Should “Roll-Your-Own” Cigarettes Be Taxed?

What do you think, should “roll-your-own” cigarettes be taxed? This will hurt smokers and tobacco shops that offer rolling machines, but will keep things fair between them and the manufacturers of rolling tobacco.

The issue lies on the high-speed rolling machines, labeled as pipe-tobacco, which produce a carton of rolled tobacco in just 8 minutes. What do these machines actually produce, rolling tobacco or pipe tobacco? And what do these shops actually sell, rolling tobacco or pipe tobacco?

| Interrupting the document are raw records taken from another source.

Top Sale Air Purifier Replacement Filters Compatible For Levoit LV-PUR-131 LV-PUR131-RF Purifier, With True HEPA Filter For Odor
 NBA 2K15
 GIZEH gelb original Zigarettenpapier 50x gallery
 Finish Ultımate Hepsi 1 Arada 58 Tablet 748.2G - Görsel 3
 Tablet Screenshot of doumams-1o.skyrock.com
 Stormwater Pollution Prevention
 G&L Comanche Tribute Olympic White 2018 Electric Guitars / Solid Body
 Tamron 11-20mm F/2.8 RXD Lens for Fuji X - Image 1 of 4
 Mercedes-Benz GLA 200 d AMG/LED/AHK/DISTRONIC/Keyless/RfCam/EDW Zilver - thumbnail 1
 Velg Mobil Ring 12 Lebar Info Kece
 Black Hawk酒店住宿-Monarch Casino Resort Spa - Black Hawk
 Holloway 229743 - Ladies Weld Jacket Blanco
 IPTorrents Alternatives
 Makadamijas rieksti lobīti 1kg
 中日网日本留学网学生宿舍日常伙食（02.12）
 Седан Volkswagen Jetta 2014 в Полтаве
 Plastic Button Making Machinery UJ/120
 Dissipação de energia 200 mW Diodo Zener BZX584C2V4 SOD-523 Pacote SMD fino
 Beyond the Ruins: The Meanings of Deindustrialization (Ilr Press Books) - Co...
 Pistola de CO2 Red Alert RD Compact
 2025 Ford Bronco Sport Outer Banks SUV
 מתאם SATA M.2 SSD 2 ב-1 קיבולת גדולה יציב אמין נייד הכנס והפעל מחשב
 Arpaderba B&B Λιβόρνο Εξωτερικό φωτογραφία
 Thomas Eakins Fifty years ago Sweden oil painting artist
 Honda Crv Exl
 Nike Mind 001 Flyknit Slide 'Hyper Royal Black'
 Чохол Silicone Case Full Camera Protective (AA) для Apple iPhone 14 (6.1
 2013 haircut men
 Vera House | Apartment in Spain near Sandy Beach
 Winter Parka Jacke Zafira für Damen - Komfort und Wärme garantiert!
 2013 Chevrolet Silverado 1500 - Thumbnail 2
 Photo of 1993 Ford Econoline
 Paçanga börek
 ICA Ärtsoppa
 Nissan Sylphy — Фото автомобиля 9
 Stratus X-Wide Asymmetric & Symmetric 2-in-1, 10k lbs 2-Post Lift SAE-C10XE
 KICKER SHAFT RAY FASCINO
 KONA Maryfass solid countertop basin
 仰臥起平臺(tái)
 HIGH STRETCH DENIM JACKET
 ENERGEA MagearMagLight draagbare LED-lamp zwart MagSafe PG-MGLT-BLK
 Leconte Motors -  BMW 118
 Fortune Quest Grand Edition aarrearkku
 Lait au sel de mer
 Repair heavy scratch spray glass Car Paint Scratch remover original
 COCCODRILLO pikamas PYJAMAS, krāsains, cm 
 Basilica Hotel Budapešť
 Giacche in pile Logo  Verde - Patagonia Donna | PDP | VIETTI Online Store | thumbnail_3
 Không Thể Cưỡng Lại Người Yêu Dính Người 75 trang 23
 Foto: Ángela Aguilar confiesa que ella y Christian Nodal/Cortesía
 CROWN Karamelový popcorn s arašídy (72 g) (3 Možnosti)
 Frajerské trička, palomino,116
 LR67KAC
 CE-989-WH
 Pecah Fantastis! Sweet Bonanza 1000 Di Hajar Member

If we see the produce, consumers get rolling tobacco similar to that of Marlboro and other cigarette brands. Essentially, these products must pay taxes just like the others. Technically, though, the machines were provided to make rolling-you-own tobacco much easier to customers. They need not do it manually. If these machines produce tobacco in a much slower pace, would the issue become as big as what it is now?

However, due to the more than tripled increase in sales of “roll-your-own” tobacco, from which the U.S. government could have raised $345 in a span of 15 months, they may as well be subject to levy. While there is no clear difference between pipe tobacco and rolling tobacco, roll-your-own tobacco shops and their customers will enjoy $2.83/pound “pipe tobacco” compared with $24.78/pound rolling tobacco, with the help of roll-your-own cigarette machines.

Besides rolling tobacco manufacturers and the government itself, anti-smoking organizations will be the first to say yes to taxing “roll-your-own” tobacco. I can see many physicians in Grey’s Anatomy scrubs will also say yes.